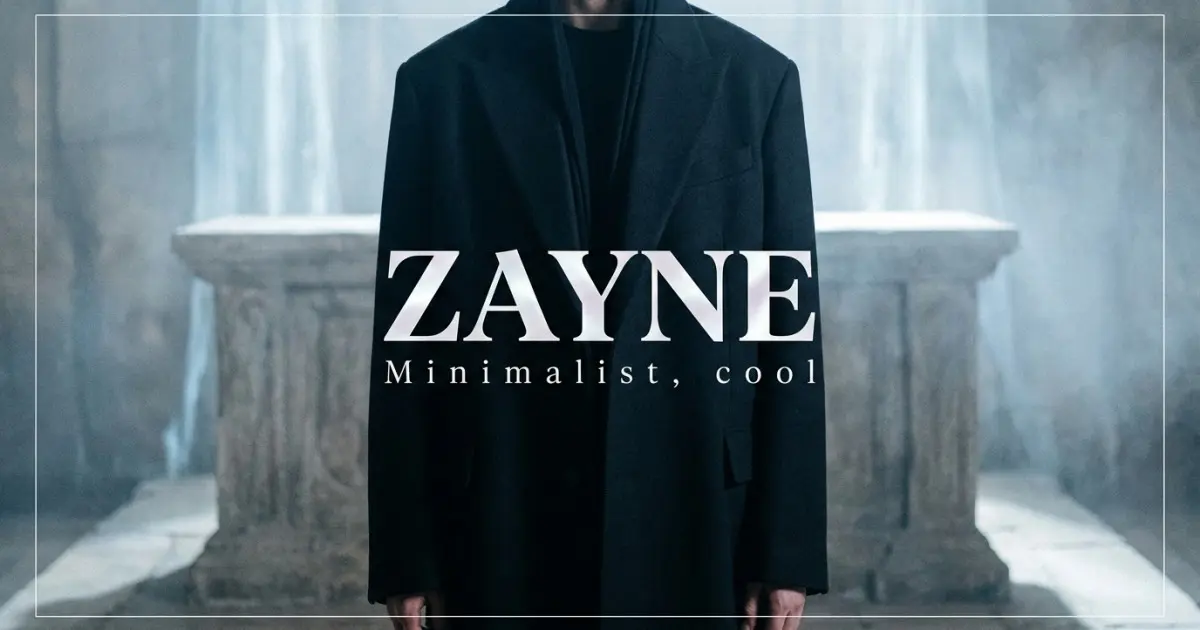 Zayne name vibe: Minimalist, cool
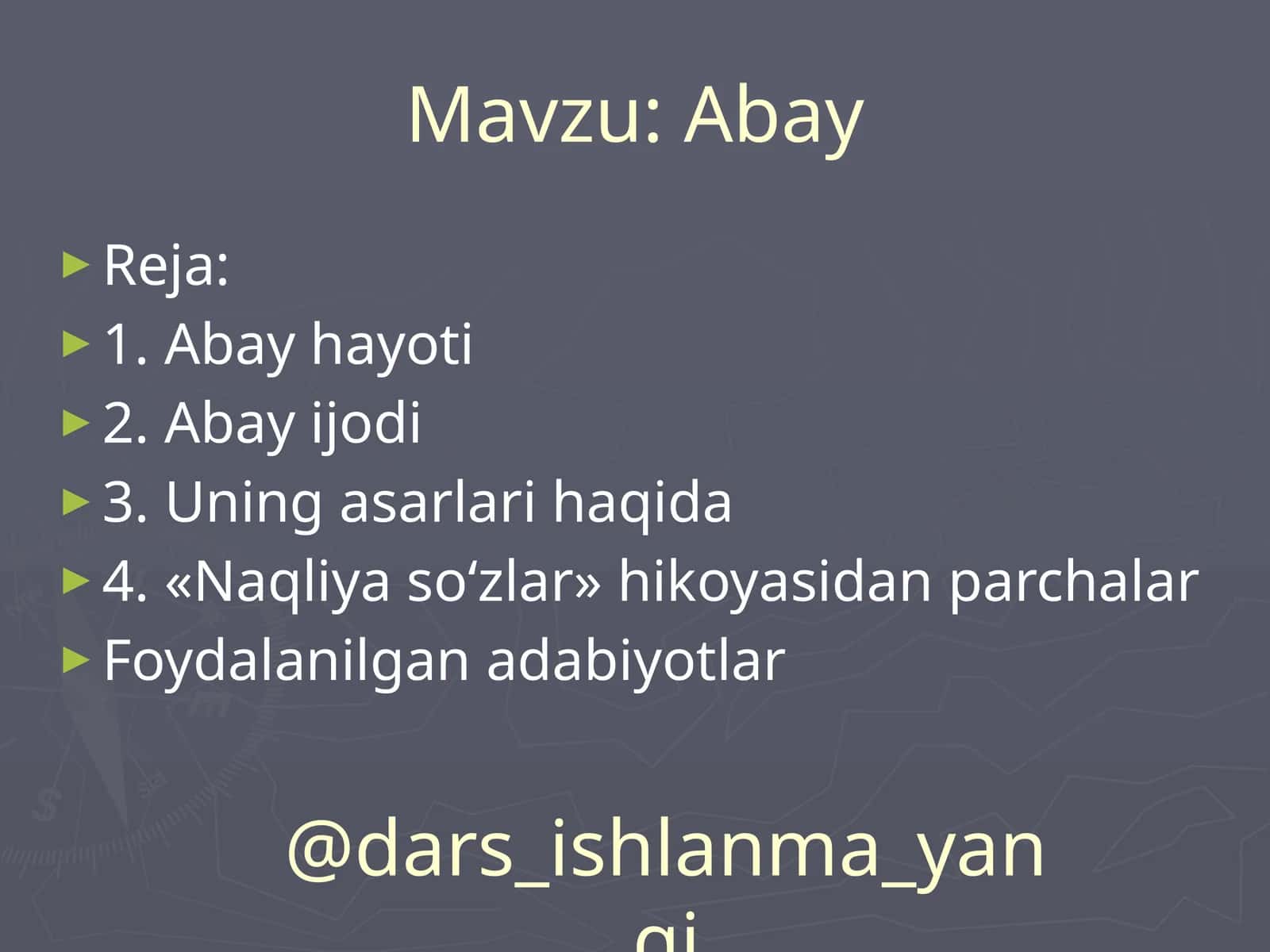 Abay 1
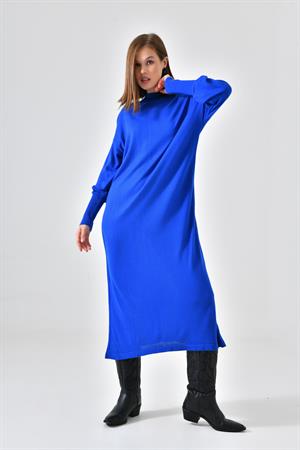 Garmi Kadın DÜz Basic Tunik Saks Mavi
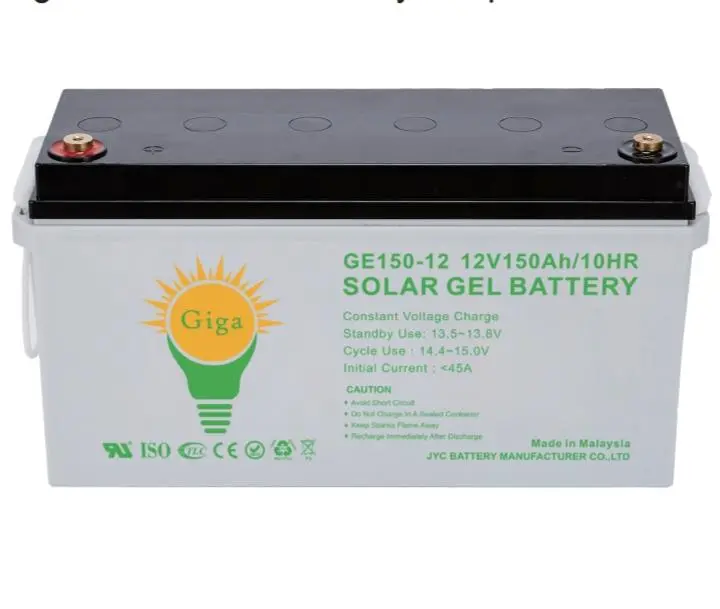 JYC SOLAR GEL BATTERY 12V 100AH/10HR
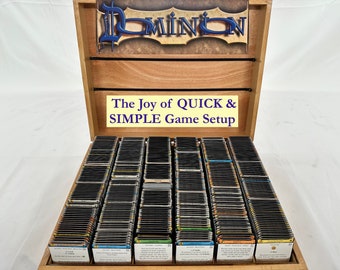 Dominion Organizer – Use our DOMINIONIZER with Tabbed Divider Cards to ORGANIZE and STORE Dominion Expansions
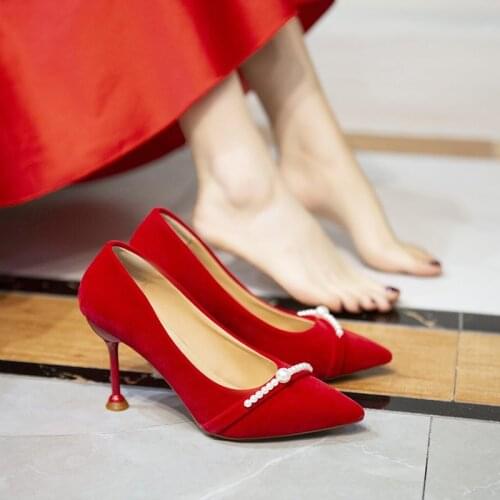 Fashion Women Cat High Heels Female Shallow Mouth Pointed Rhinestone Buckle Sandals Sexy Nightclub Wedding Pumps Womens Shoes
◇ ◇ ◇ ◇ ◇
Return, exactly as they appear, the lines from the line containing "Garmi Kadın DÜz Basic Tunik Saks Mavi" through the end of the records above, both ends included, without pictures.

 Garmi Kadın DÜz Basic Tunik Saks Mavi
 JYC SOLAR GEL BATTERY 12V 100AH/10HR
 Dominion Organizer – Use our DOMINIONIZER with Tabbed Divider Cards to ORGANIZE and STORE Dominion Expansions
 Fashion Women Cat High Heels Female Shallow Mouth Pointed Rhinestone Buckle Sandals Sexy Nightclub Wedding Pumps Womens Shoes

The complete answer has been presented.